6. The method according to claim 1, wherein the zirconium oxide support material is present in monoclinic, tetragonal, cubic or amorphous phase or a mixed phase of these modifications.

7. The method according to claim 1, wherein the zirconium oxide support material is present in monoclinic, tetragonal or a mixed phase of these modifications.

8. The method according to claim 1, wherein the zirconium oxide support material of the catalyst has a pore size distribution in which more than 50% of the pores present are formed by mesopores having a diameter of 2 nm to 50 nm and the remainder up to 100% by macropores having a diameter>50 nm.

9. The method according to claim 1, wherein the catalyst has a pore size distribution in which more than 50% of the pores present are formed by mesopores having a diameter of 2 nm to 50 nm and the remainder up to 100% by macropores having a diameter>50 nm.

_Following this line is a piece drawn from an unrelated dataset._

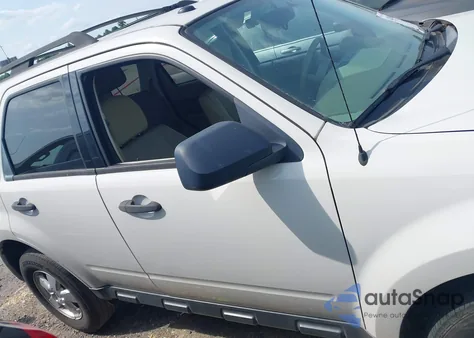 2012 Ford Escape Xlt z USA, uszkodzony, nr VIN 1FMCU9D73CKC27135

10. The method according to claim 1, wherein the zirconium oxide support material of the catalyst has a pore size distribution in which more than 40% of the pores present are formed by macropores having a diameter of >50 nm and the remainder up to 100% by mesopores having a diameter of 2 nm to 50 nm.

11. The method according to claim 1, wherein the catalyst has a pore size distribution in which more than 40% of the pores present are formed by macropores having a diameter of >50 nm and the remainder up to 100% by mesopores having a diameter of 2 nm to 50 nm.

12. The method according to claim 1, wherein the hydrogenation is conducted in an organic solvent.

13. The method according to claim 1, wherein the catalyst is present in a fixed bed.

14. The method according to claim 1, wherein the catalyst is present in a suspension.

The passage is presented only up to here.